METAL ION EXTRACTION BY SILYL-SUBSTITUTED DIPHOSPHONIC ACIDS. I. P,P′-DI-[3-(TRIMETHYLSILYL)-1-PROPYLENE] METHYLENE- AND ETHYLENEDIPHOSPHONIC ACIDS

Abstract

In conjunction with efforts to develop novel actinide extractants that exhibit solubility in supercritical carbon dioxide (SCCO2), the effect of adding silicon-based functionalities to diphosphonic acids on their aggregation and solvent extraction chemistry was investigated.
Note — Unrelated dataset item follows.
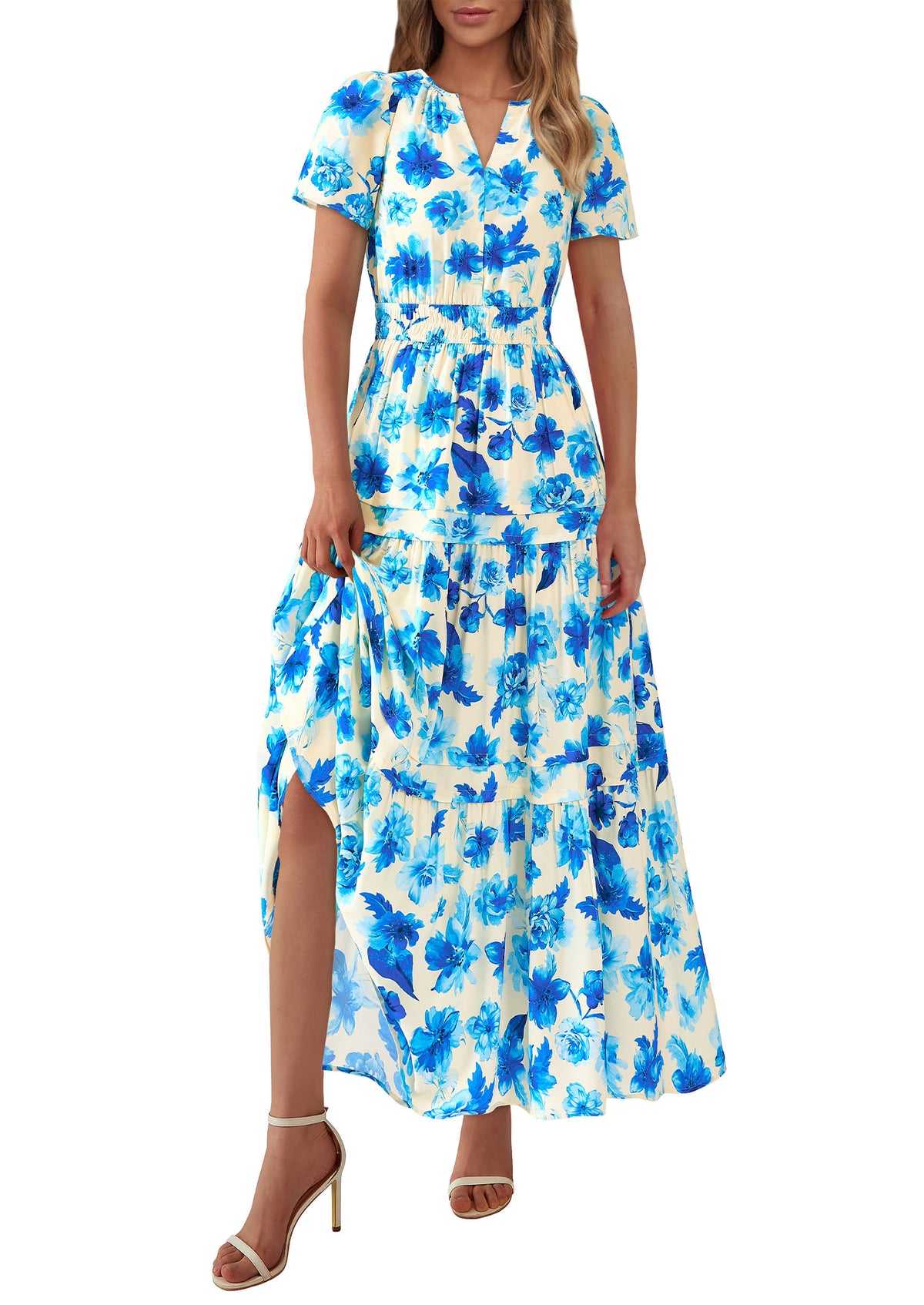 Boho Floral Short Sleeve V Neck A Line Tiered Ruffle Flowy Long Beach Vacation Maxi Dresses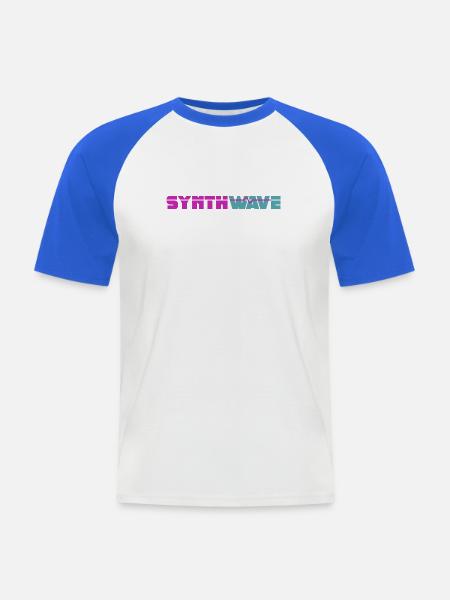 Synthwave - Männer Baseball-T-Shirt - Weiß/Royalblau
Two silyl-derivatized diphosphonic acids, P,P′-di[3-(trimethylsilyl)-1-propylene] methylenediphosphonic acid (H2DTMSP[MDP]) and P,P′-di[3-(trimethylsilyl)-1-propylene] ethylenediphosphonic acid (H2DTMSP[EDP]), were prepared and their aggregation and metal ion extraction properties compared to those of the previously studied P,P′-di(2-ethylhexyl) alkylenediphosphonic acids. Vapor pressure osmometry of H2DTMSP[MDP] and H2DTMSP[EDP] in toluene (25°C) indicates that, as is the case for the 2-ethylhexyl-substituted alkylenediphosphonic acid analogs, the compounds are dimeric and (primarily) hexameric, respectively, in the concentration range investigated. Distribution ratio measurements for the alkaline earth cations Ca2+, Sr2+, Ba2+, and Ra2+ as well as the representative tri-, tetra-, and hexavalent actinides Am3+, Th4+, and UO2+ 2 between solutions of H2DTMSP[MDP] and H2DTMSP[EDP] in o-xylene and nitric acid indicate that the behavior of these silyl-derivatized compounds closely mimics that of the analogous P,P′-di(2-ethylhexyl) alkylenediphosphonic acids, indicating that incorporation of a silyl functionality has no adverse impact on the metal ion extraction properties of diphosphonic acids.